Although they are not out-and-about in Hollywood, the troubles of the community and the world is at the center of their prayers. The nuns read the newspaper every day to keep abreast of current affairs. They are registered voters and take their civic responsibilities very seriously. "Hollywood is always on our minds and in our hearts."
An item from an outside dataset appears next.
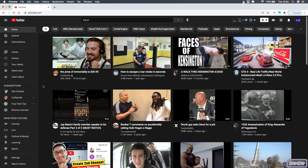Hello everyone, welcome to OnHow channel, the place where every day you learn something new. Today we'll be showing you how to search for YouTube videos by an exact location — meaning a specific address or avenue that you want to see the videos that were posted from.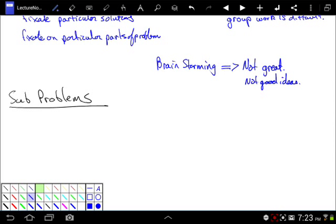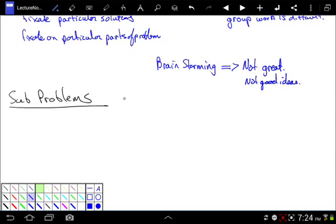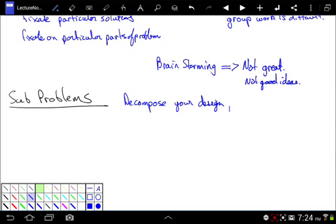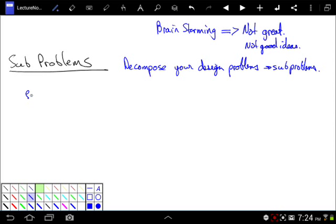The first thing we're going to do to make concept generation more systematic is we're going to break the design problem down into sub-problems. We want to decompose design problems into smaller sub-problems. Because very few of your designs will do one and only one thing — they'll do a couple of things, or that one thing has several sub-steps. Let's do an example using the car seat.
A completely different type of Catholic community also exists in Hollywood. The contrast between the silent, cloistered lives of the Dominican nuns and the Immaculate Heart Community is profound. Rooted in Catholic tradition, the Sisters of the Immaculate Heart of Mary came to Hollywood and founded both Immaculate Heart College (now the campus of the American Film Institute) and Immaculate Heart High School. When Vatican II issued new directives in the 1960s, the sisters followed the guidance of Pope Paul VI and reviewed their internal structure and proposed changes in how they worked, prayed, and lived. This led to a dramatic showdown with Cardinal James McIntyre, the Archbishop of Los Angeles, who staunchly opposed all of the sisters' proposed changes, leading to the order of the removal of all Immaculate Heart Sisters teaching in Los Angeles diocesan schools. McIntyre presented the Community with an ultimatum: either conform to the standards of traditional religious life or seek dispensation from vows.
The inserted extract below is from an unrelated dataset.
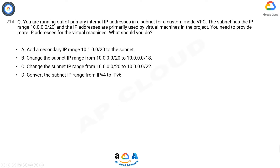A. Add a secondary IP range 10.1.0.0/20 to the subnet. B. Change the subnet IP range from 10.0.0.0/20 to 10.0.0.0/18. C. Change the subnet IP range from 10.0.0.0/20 to 10.0.0.0/22. D. Convert the subnet IP range from IPv4 to IPv6.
It was during this turbulent time during the 1960s and 1970s, that the IHC's Sister Corita Kent gained international fame for her vibrant serigraphs. She ran the Art Department at Immaculate Heart College until 1968 when she left the Order and moved to Boston.
Sister Corita, in the center looking down, in her serigraph studio
In the end, ninety percent chose to dispense from their vows and reorganize as a non-profit community organization, the Immaculate Heart Community - a voluntary lay community. Although the process was by all accounts painful and difficult, the vision of the women who left the congregation has not only survived but today provides new and exciting models for renewal for the faithful - for Catholics and those from other faiths - and especially for women. The 'rebel nuns' blazed a trail of vibrancy and inclusiveness that is still reflected today with a membership of 165 Christian women and men - both married and single - with a diversity of culture, church affiliations, ethnicity and sexual orientation. Although their goals are similar, the IHC approach could hardly be more different to that of the cloistered nuns. The IHC works as an integrated part of the community, advocating for the marginalized, and for social and economic justice. The bold vision is evident through projects like the Kenmore Residence, a residential home for senior residents of the IHC community, Blythe Street Project, a community organizing collaboration that helps economically disadvantaged and immigrant residents, and the Corita Art Center on Franklin Avenue.
Residents of the Kenmore Residence
Some say the purpose of religion is to take personal contrasting experiences of faith and bring them together through a shared language. Just as Hollywood is growing and evolving, religions can evolve and grow through a collective experience. As part of the experience we call "Hollywood," it's good to know that, regardless of religion, Hollywood is keeping the faith.